SP Ancestral Blanc Pétillant 2021
Partida Creus
Questo spumante catalano Subirat Parent 100%, classificato come Vino de Mesa (vino da tavola), ha un colore paglierino ed elegante. Al naso è fresco e aromatico, con note di frutta bianca matura, melone e fiori di campo. Agile e vivace al palato, fresco e diretto, agrumato e leggermente salino, offre una consistenza croccante che si sposa perfettamente con la sua effervescenza. Il Subirat Parent, uno dei vitigni catalani più antichi e stretto parente della Malvasia, rimane raro anche nel suo paese d'origine. Il terreno argilloso-calcareo ne esalta la freschezza e l'integrità. Questo vino è prodotto con pressatura diretta seguita da fermentazione alcolica tra i 15 e i 18 °C in vasche di acciaio inox con lieviti indigeni. La fermentazione alcolica si conclude in bottiglia, dove il vino riposa per dieci mesi sulle fecce fini prima di essere commercializzato. Prodotto e vinificato senza solfiti o altri additivi.
Scopri di più
Partida Creus è un'azienda importante, sia dal punto di vista vitivinicolo che storico: stiamo parlando della storia della vite in Catalogna. Massimo Marchiori e Antonella Gerosa, originari del Piemonte e persino delle Langhe, regione dove il vino è rinomato, hanno iniziato la loro carriera come architetti a Barcellona. Ma il virus del vino li ha colpiti e presto hanno abbandonato la grande città e la sua mondanità per i vigneti della Catalogna meridionale, a Bonastre, nel Baix-Penedés. Lì hanno trovato una quantità di vigneti abbandonati piantati con una vertiginosa diversità di vitigni tradizionali catalani, che hanno rilanciato con passione per salvare queste varietà – e i loro vini – dall'oblio. Per loro, non si tratta solo di recuperare il patrimonio, no: è una questione di gusto e natura. Vini naturali, che d'ora in poi continueranno a produrre su questi terreni sabbiosi, poveri, argilloso-calcarei o argilloso-ghiaiosi, poveri e scarsamente irrigati, dove le viti soffrono per dare il loro succo migliore. Massimo e Antonella praticano una viticoltura biologica e biodinamica, interamente manuale e naturale, per dare nuova vita a questi vini.

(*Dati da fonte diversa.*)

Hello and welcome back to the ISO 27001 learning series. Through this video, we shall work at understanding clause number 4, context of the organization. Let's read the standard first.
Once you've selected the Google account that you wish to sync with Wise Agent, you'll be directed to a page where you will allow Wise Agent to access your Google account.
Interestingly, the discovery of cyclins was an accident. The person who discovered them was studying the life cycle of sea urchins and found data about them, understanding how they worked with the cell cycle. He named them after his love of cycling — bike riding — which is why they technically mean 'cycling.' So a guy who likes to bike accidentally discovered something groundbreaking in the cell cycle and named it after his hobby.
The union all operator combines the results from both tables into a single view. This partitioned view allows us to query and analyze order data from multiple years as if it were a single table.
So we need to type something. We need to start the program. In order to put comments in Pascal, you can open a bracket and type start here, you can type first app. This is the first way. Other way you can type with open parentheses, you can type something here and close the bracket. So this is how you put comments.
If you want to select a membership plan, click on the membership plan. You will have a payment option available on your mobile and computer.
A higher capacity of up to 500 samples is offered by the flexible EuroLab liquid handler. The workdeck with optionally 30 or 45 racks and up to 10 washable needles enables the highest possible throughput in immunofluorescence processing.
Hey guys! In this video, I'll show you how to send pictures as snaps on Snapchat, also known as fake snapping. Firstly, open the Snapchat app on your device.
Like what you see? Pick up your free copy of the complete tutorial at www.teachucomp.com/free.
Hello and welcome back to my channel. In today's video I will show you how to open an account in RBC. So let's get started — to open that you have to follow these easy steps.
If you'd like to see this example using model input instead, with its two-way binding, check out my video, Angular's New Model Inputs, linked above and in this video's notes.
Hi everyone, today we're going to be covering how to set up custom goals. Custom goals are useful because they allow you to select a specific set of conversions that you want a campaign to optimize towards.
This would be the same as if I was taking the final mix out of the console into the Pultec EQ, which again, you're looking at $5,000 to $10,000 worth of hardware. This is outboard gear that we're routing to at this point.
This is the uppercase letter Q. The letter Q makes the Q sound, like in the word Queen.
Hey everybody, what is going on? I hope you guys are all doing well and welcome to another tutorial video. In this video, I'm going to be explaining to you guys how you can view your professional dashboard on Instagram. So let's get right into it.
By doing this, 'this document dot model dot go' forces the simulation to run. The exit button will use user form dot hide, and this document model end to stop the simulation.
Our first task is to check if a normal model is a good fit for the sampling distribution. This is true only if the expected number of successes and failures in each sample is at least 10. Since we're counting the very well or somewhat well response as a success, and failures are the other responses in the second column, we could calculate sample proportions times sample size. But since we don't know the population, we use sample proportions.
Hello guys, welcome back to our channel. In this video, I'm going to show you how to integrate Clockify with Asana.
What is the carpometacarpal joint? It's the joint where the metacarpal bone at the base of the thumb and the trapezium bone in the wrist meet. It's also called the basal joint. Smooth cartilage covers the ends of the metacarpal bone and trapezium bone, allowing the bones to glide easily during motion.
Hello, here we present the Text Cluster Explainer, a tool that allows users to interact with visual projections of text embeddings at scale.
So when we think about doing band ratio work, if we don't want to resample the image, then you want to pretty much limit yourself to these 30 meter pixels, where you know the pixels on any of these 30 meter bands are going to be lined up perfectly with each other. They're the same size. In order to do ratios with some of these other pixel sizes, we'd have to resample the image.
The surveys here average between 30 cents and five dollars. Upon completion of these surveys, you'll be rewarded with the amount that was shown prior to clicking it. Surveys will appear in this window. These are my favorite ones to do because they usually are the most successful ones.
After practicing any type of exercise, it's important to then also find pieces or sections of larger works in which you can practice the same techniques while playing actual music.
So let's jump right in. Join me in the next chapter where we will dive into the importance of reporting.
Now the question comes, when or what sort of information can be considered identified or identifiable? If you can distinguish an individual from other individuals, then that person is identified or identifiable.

Vinyater, sumoll, garrut, monastrell, ull de perdiu, ull de llebre, sumoll, queixal de llop, cariñena, trepat, subirat parent, maccabeu, parellada, pansé, bobal, cartoixà vermell o xarel·lo: è un vero e proprio conservatorio di vitigni autoctoni catalani quello di cui Partida Creus si prende cura. Qui si coltivano anche Moscatel, Grenache, Merlot e Cabernet (tra gli altri). Poche cantine possono vantare la coltivazione di così tante varietà di uva. I vini riflettono questa diversità, con i viticoltori che si sforzano di trasmettere al meglio la firma del territorio e del vitigno: i vini monovarietali sono comuni tra loro, accanto a numerosi assemblaggi, tutti negli stili cari alla Catalogna: vino fermo, spumante "ancestrale" e persino vermouth. Le bottiglie stesse sono opere d'arte: vetro nudo, semplicemente contrassegnate da due grandi iniziali stampate a stencil che indicano la cuvée. I vini, freschi, vibranti, lussureggianti ma sempre schietti e impeccabilmente succosi e fruttati, trasmettono vitalità. L'arrivo di un Partida Creus a tavola suscita sempre grida di soddisfazione.